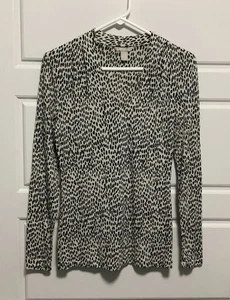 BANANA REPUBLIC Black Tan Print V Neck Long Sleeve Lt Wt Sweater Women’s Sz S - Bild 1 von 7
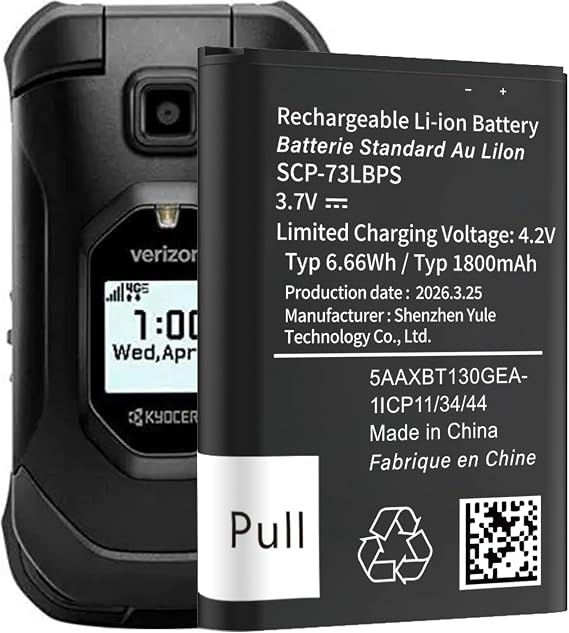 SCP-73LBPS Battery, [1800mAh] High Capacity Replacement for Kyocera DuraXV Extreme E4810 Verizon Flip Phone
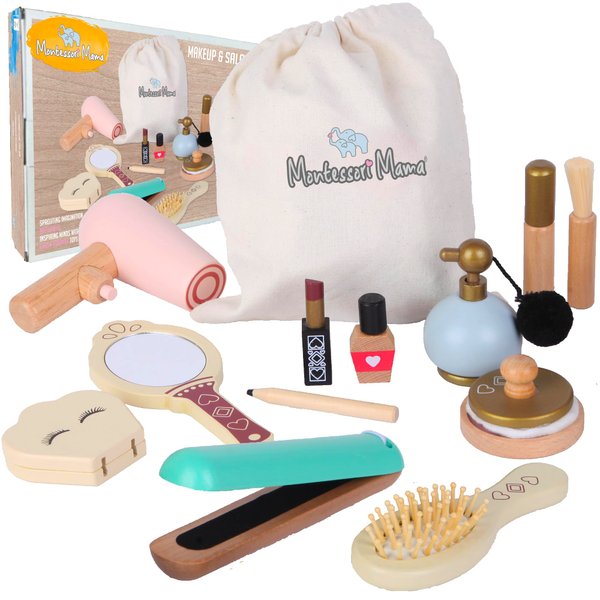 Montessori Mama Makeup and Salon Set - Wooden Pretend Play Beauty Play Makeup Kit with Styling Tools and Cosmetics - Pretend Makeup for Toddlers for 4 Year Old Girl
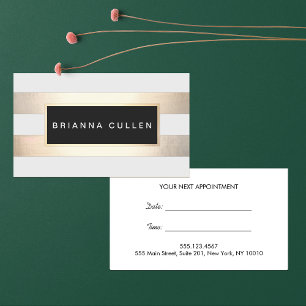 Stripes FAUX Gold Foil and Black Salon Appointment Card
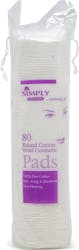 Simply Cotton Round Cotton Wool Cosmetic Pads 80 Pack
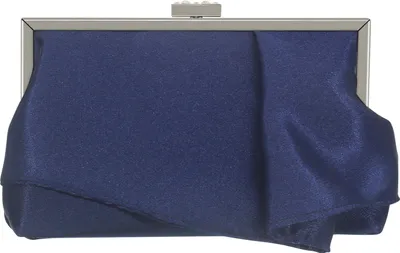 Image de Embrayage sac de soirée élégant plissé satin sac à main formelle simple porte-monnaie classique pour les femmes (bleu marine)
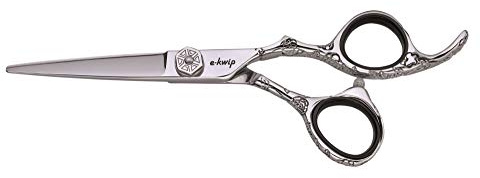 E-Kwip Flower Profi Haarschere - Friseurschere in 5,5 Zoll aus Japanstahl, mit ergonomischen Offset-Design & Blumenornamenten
________________
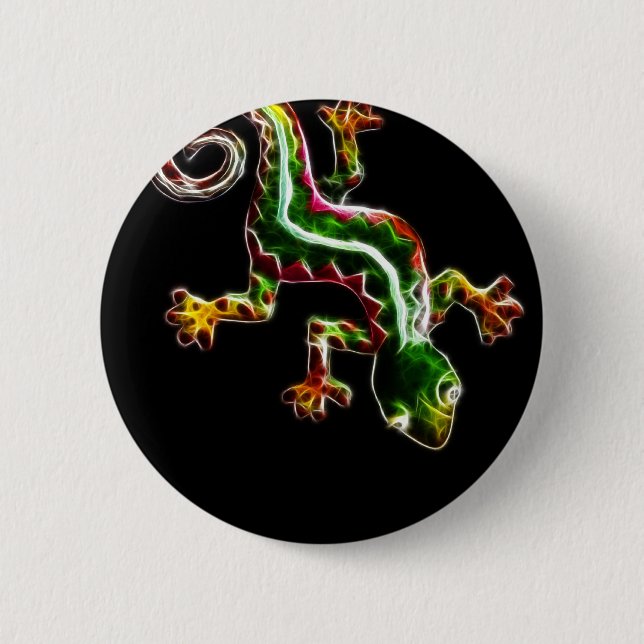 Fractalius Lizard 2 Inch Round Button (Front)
________________
Task item: An exact copy of the lines above from the one with "Image de Embrayage" up to and including the one with "E-Kwip Flower Profi" is required; reproduce only those lines, omitting all pictures.

Result of this exercise:
 Image de Embrayage sac de soirée élégant plissé satin sac à main formelle simple porte-monnaie classique pour les femmes (bleu marine)
 E-Kwip Flower Profi Haarschere - Friseurschere in 5,5 Zoll aus Japanstahl, mit ergonomischen Offset-Design & Blumenornamenten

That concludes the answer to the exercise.